For several decades the U.S. Department of Defense has been trying to build robotic military vehicles. Progress was slow and in 2004, the Department of Defense decided to try something different, and give enterprising civilian organizations a chance to show what they could do competing with defense contractors. Thus began the ongoing DARPA (Defense Advanced Research Projects Agency) Grand Challenge competitions. The goal was to develop safe and reliable systems that would allow supplies to be moved to the troops via vehicle convoys, without the need for lots of drivers. These competitions have led to vehicles reliable enough for troops use.
The last three Challenge competitions went underground and involved exploration and mapping of underground situations using walking robots as well as wheeled vehicles. This was all about robotic support for disaster situations where the first task is to determine what the situation is down there. The SubT (subterranean) competitions achieved a lot of progress in identifying problems with communication and mobility problems underground.
These competitions are open to anyone (commercial, academic or defense contractor) who has a vehicle capable of competing. The candidates pay their own expenses to develop entrants and get them to the Challenge site with a team of technicians/operators.
The first Grand Challenge competitions concentrated on determining who had made the most progress in developing hardware and software that enabled a robotic vehicle, moving completely under software control, with no human intervention. For the first competition the goal was to complete a 240-kilometer course. The first vehicle to complete the course would earn the winning team a million dollars and lots of good publicity for their capabilities. No one even came close, but the competitors were eager to modify their designs and try again. This led to a second Challenge, in 2005, which yielded several finishers, and the first one picked up the million-dollar prize for navigating a 212-kilometer cross country course in just under seven hours. All vehicles operated under software control, as true robots. The third Challenge was held in 2007, and had a two-million-dollar prize for the first vehicle to complete a 60-kilometer course through an urban environment in under six hours. A recently abandoned air force base was used. The fourth Challenge, held in 2009 was even more successful.

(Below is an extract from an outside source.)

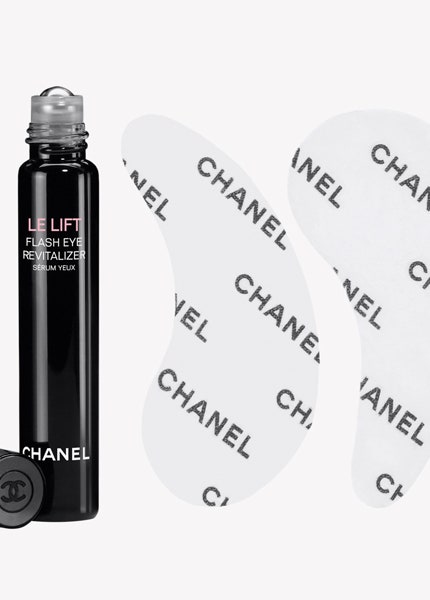 Le Lift Chanel набор средств для ухода за кожей вокруг глаз | Vogue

While much progress has been made, the basic problem is, and always has been, that there are a lot more obstacles for a robotic land vehicle to deal with on its own. At sea, and in the air, it's a much different, and much simpler, situation. Over a century ago, naval torpedoes were built that could make sufficient adjustments, while underway, to reach their intended target. Guided missiles came along after World War II and achieved the same thing in the air.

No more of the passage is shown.